Monitoring Java applications with Elastic: Multiservice traces and correlated logs
In this two-part blog post, we’ll use Elastic Observability to monitor a sample Java application. In the first blog post, we started by looking at how Elastic Observability monitors Java applications. We built and instrumented a sample Java Spring application composed of a data-access microservice supported by a MySQL backend. In this part, we’ll use Java ECS logging and APM log correlation to link transactions with their logs. Then we’ll add a second microservice so we can generate multiservice traces and correlated logs. Finally, we’ll use Kibana apps including APM, Visualize, and Machine Learning to explore and analyze the logs, metrics, and traces we have collected. To follow the steps in this post, make sure you have read and completed all of the steps in the first post.
Using ECS logging and APM log correlation
Let’s correlate the logs generated by our Java application with the transactions observed by the Java Agent. The easiest and best way to do this is to start by using Java ECS logging in the application. The logs generated in this manner will be structured as JSON objects and will use Elastic Common Schema (ECS)-compliant field names.

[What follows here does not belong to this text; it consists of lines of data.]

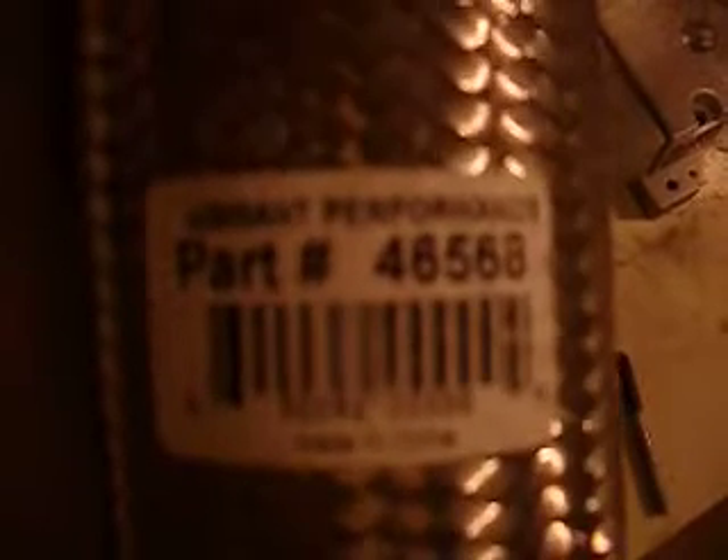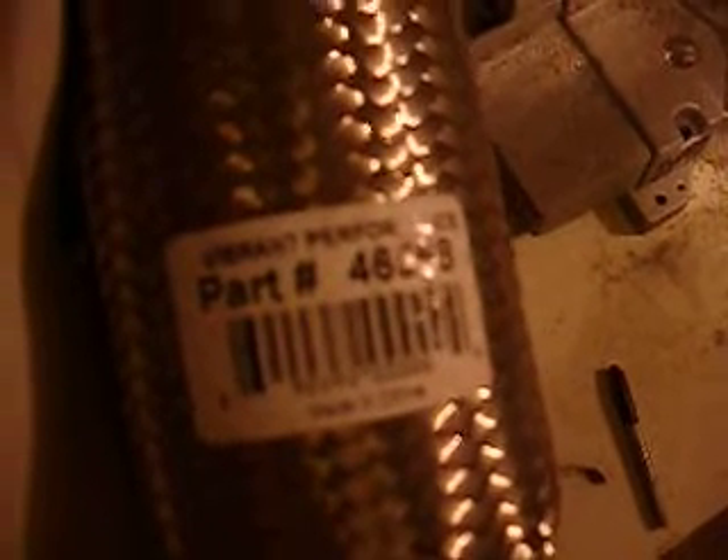I had a hell of a time trying to find a three inch flex pipe, but here's the part number. I ordered it from a company called Levine Automotive out of Brewster, New York — they're also in Danbury, Connecticut. I couldn't find a ball flange or a donut style flange, which would have been much cheaper, so I had to use this. It was about 80 bucks.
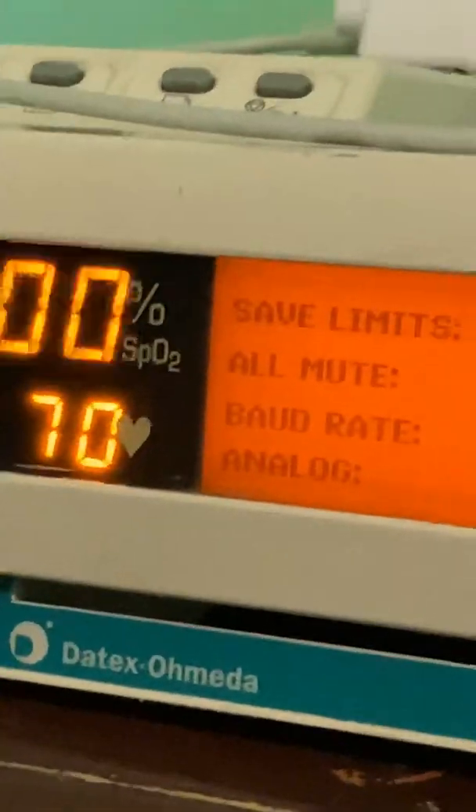But if you have that set to yes, as in my case, if I adjust the alarm settings and I turn off the machine, when I turn it back on the alarm settings will be what I had set them to. There's also bod and analog settings, which I don't use because I don't have this connected to a data recorder — if I did, you would use those settings.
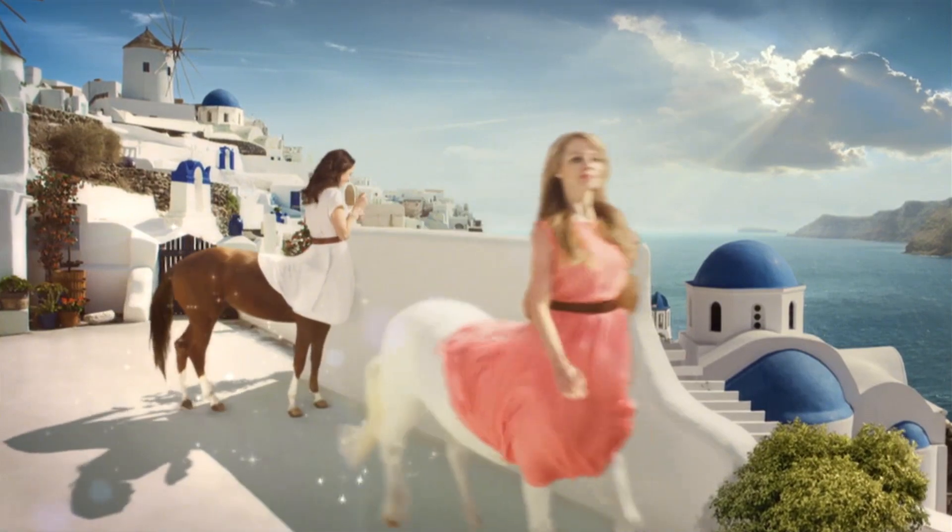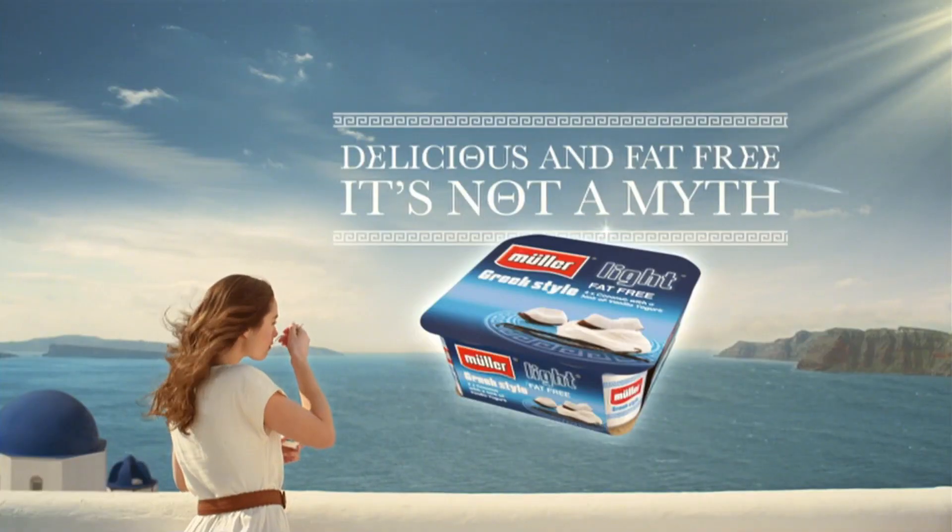I've got to go pick up the kids. New Müller-Lite Greek style. Delicious and fat-free. It's not a myth.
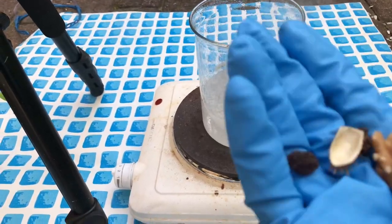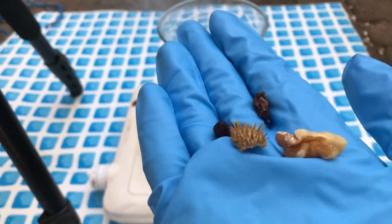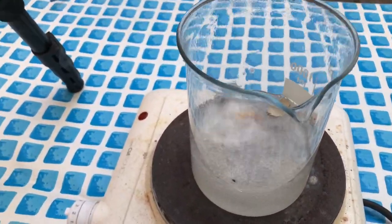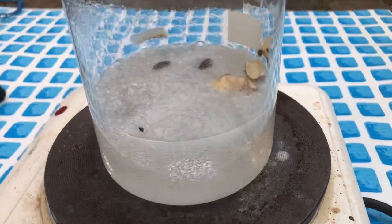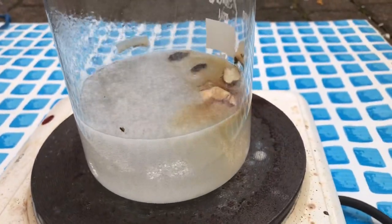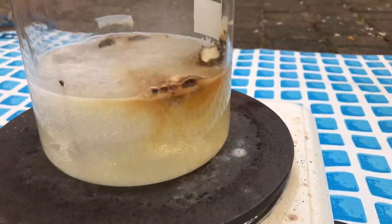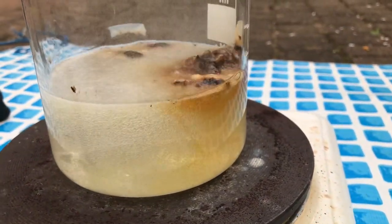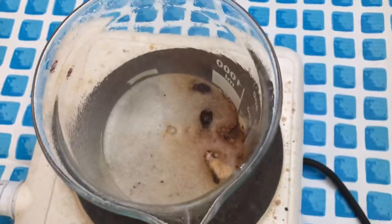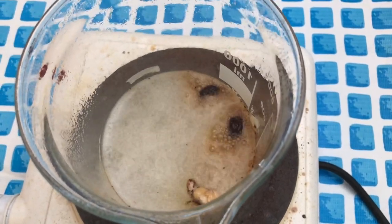We've also got two raisins, a walnut, and a piece of seed pod — let's throw them in and see what happens. Raisins float in concentrated sulfuric acid because sulfuric acid has a really high density. The solution turns brown and the brown stuff immediately becomes clear again. All of the material gets oxidized to carbon dioxide and water.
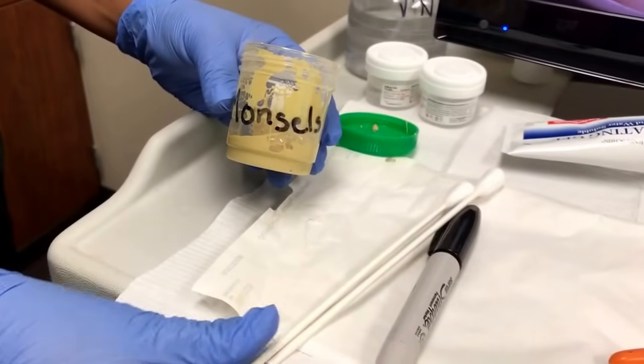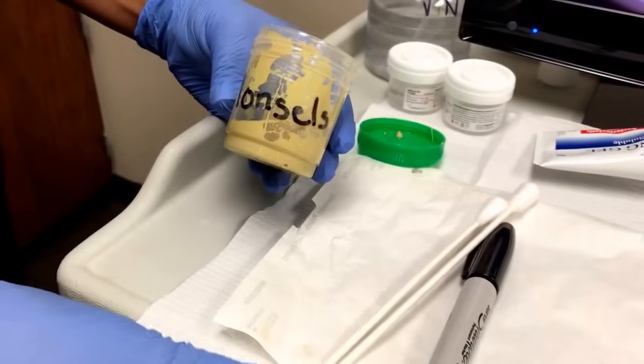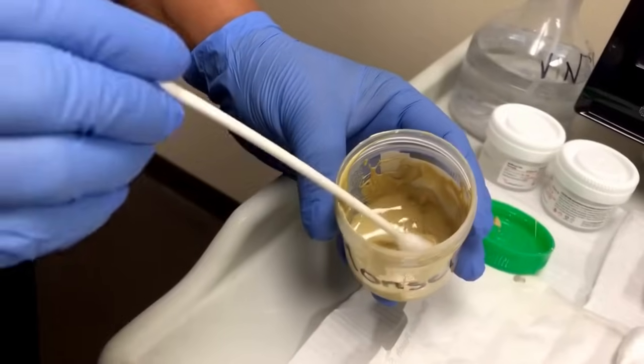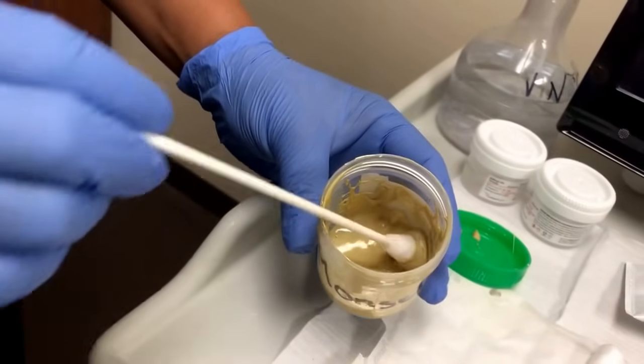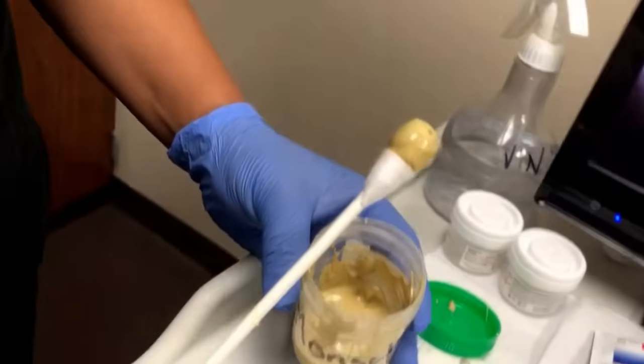After the biopsies have been collected, the provider will request Monsell's. That is when you take the OB-GYN swabs, place them into the Monsell's, swirl it, and this amount of Monsell's would be sufficient.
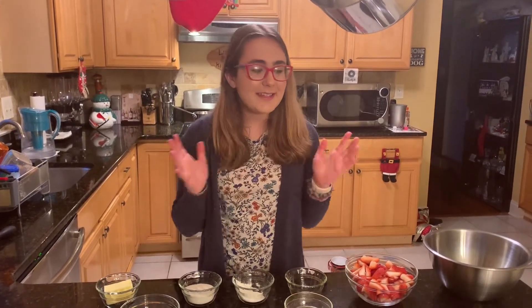Hi, I'm Arianna and today we'll be making Mexican baked strawberry empanadas.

In our sample application, we’ll configure Logback, the default logger for Spring, to use Java ECS logging as follows. First we need to add a dependency to logback-ecs-encoder
in mysql-service
. Add the following dependency to pom.xml
:
<dependency> <groupId>co.elastic.logging</groupId> <artifactId>logback-ecs-encoder</artifactId> <version>0.4.0</version> </dependency>
We also need to add a configuration file for Logback, so we will create a new file called logback-spring.xml
in src/main/resources
with the following contents:
<?xml version="1.0" encoding="UTF-8"?> <configuration> <property name="LOG_FILE" value="${LOG_FILE:-${LOG_PATH:-${LOG_TEMP:-${java.io.tmpdir:-/tmp}}}/spring.log}"/> <include resource="org/springframework/boot/logging/logback/defaults.xml"/> <include resource="org/springframework/boot/logging/logback/console-appender.xml" /> <include resource="org/springframework/boot/logging/logback/file-appender.xml" /> <include resource="co/elastic/logging/logback/boot/ecs-file-appender.xml" /> <root level="INFO"> <appender-ref ref="CONSOLE"/> <appender-ref ref="ECS_JSON_FILE"/> <appender-ref ref="FILE"/> </root> </configuration>
Finally, we need to specify the location of the logs by adding the following line to application.properties
in src/main/resources
:
logging.file.name=<PATH_TO_YOUR_LOGS>/mysqlservice/mysqlservice.log
Adjust the log location based on your own environment.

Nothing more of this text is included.